The majority of features reviewed in this article will focus on Terraform paid functionality such as run task integrations with cost estimation software, along with policy as code guardrails, but the core use case around cost optimization can be achieved solely with the open source version.
» A survey of cloud waste
With the continuous shift to consumption-based cost models for infrastructure and operations; i.e. Cloud Service Providers (CSPs), you pay for what you use but you also pay for what you provision and don’t use. If you do not have a process for continuous governance and optimization, then there is a huge potential for waste.
A recent cloud spending survey found that:
- 45% of the organizations reporting were over budget for their cloud spending.
- More than 55% of the respondents are using either cumbersome manual processes, or simply do not implement actions and changes to optimize their cloud resources.
- 34.15% of respondents believe they can save up to 25% of their cloud spend and 14.51% believe they can save up to 50%. Even worse, 27.46% said, “I don’t know”.
First, let’s unpack why there is an opportunity and then get to the execution.
» Why engineers are becoming the financial controllers of cloud spend
In moving to the cloud, most organizations have put thought into basic governance models where a team, sometimes referred to as the Cloud Center of Excellence, looks over things like strategy, architecture, operations, and, yes, cost. Most of these teams contain a combination of IT management and cloud technical specialists from common IT domains and finance. Finance is primarily charged with cost planning, migration financial forecasting, and optimization.
Due to financial pressures, they tend to say: “We need to get a handle on costs, savings, forecasting, etc.” but have no direct control over costs. It is now engineers that directly manage infrastructure and the costs.
The business case is simple, it is a financial paradigm shift where:
- Engineers are not only responsible for operations but also costs.
- Engineers now have the tools and capabilities to automate and directly manage cost controls.
- Cost planning and estimation for running cloud workloads are not easily understood or forecasted by Finance.
- Traditional forms of financial budgeting and on-prem hardware demand planning (such as contract-based budgets and capitalized purchases) do not account for cost variability in consumption-based (i.e.

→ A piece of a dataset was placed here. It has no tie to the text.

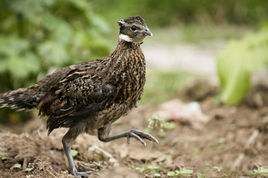 勺雞陝西亞種 勺雞陝西亞種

Cloud) models.
Finance lacks control in the two primary areas of cost-saving:
- Pre-provisioning: Limited governance and control in the resource provisioning phase.

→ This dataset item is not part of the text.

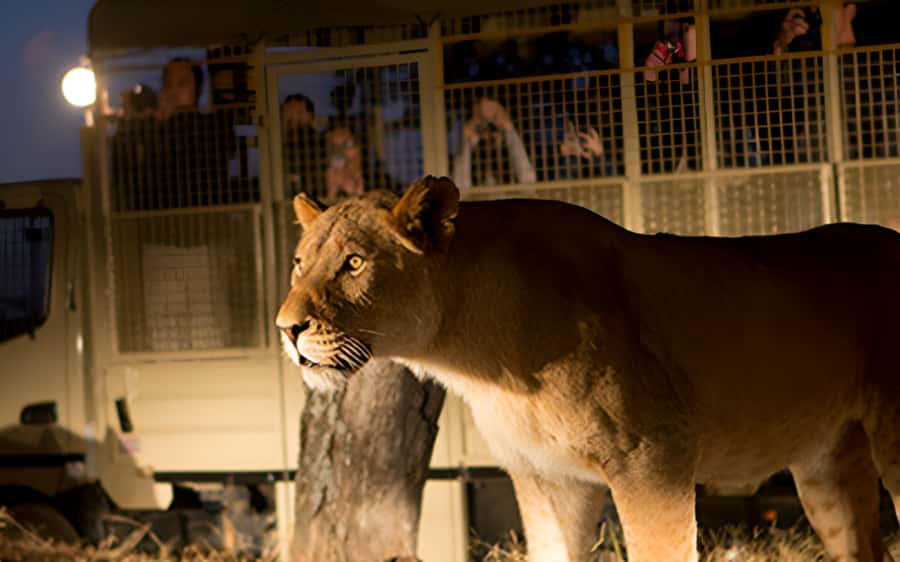 From Johannesburg: Lion & Safari Park Half-Day Tour - A quick safari without leaving Johannesburg far behind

- Post-provisioning: Limited governance and control in enforcing infrastructure changes for cost savings.
In the following sections, we will define the people, processes, and technologies associated with managing cloud financial practices with Terraform.
» A RASCI chart example
To simplify things, we will assume there is some sort of team — i.e. the Cloud Center of Excellence — that is responsible for managing the overall cloud posture.
On this team there are four core roles:
- IT Management
- Finance
- Engineering (consisting of DevOps and Infrastructure & Operations)
- Security
I’ve built a RASCI model that can be used as a baseline of expectations for this team. This is a model I have used, along with similar models, to define the roles and responsibilities of the Cloud Center of Excellence for many organizations.

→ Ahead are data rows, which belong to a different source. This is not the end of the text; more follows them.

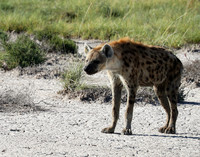 Spotted hyena - Ongava Game Reserve -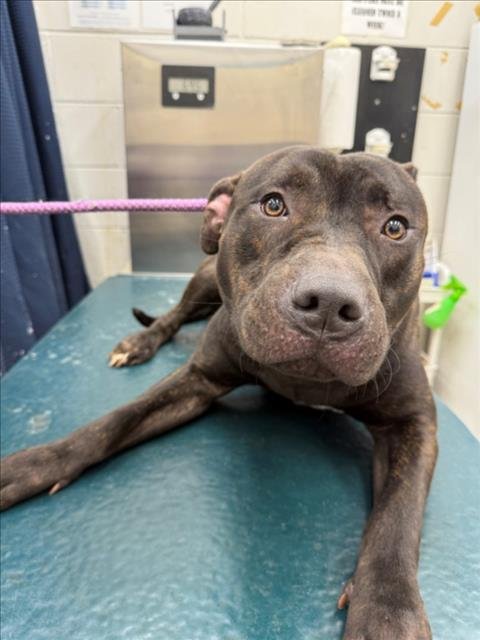 ELROY - Staffordshire Bull Terrier available for adoption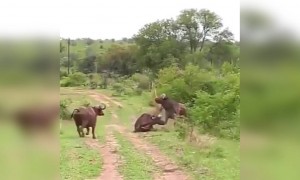 ભાઈબંધ હોય તો આવા, મુશ્કેલીમાં દોટ મૂકે એવા નહિ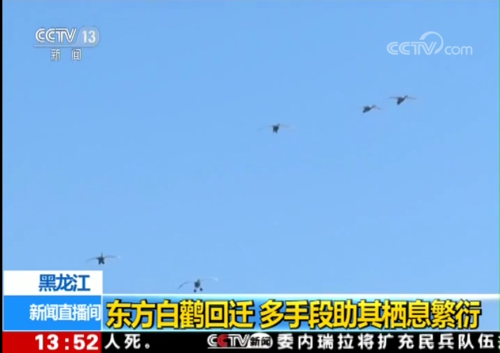 7790�ط����Ź������,����Ұ������׷��,��������׷����,����׷����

The three section headings in this table are:
- Planning — Relating to pre-cloud migration & ongoing cost forecasting
- Optimizing — Operationalizing and realizing continuous cost savings
- Governance — Ensuring future cost savings and waste avoidance
As you can see, engineering has a higher level of responsibility in today’s infrastructure operations, and the Frequency and Workflow columns will likely denote significant changes for many organizations.
» Planning, optimization, and governance
Now the next question: How can engineers use Terraform at each level of the cloud cost management process to deliver value and minimize additional work? To get started, see how the visualization illustrates Terraform’s place in the cloud cost management lifecycle. (Start at the top with the “Planning” phase)
To summarize the steps:
- Start by identifying workloads that are migrating to the cloud
- Create Terraform configuration
- Run
terraform plan
to perform cost estimation with integrated third-party tools, such as run tasks. - Run
terraform apply
to provision the resources - Once provisioned, workloads will run and vendor tools will provide optimization recommendations
- Integrate a vendor’s optimization recommendations into Terraform and/or your CI/CD pipeline
- Investigate/analyze optimization recommendations and implement Terraform’s Sentinel policies for cost and security controls
- Update Terraform configuration and run plan & apply
- Newly optimized and compliant resources are now provisioned
» Planning — Pre-migration and ongoing cost forecasting
Cloud migrations require a multi-point assessment to determine if it makes sense to move an application/workload to the cloud. Primary factors for the assessment are:
- Architecture
- Business case
- Estimated cost for the move
- Ongoing utilization costs budgeted/forecasted for the next 1–3 years on average
Since engineers are now taking on some of these responsibilities, it makes sense to use engineering tools to handle them. Terraform helps engineers take on these new responsibilities.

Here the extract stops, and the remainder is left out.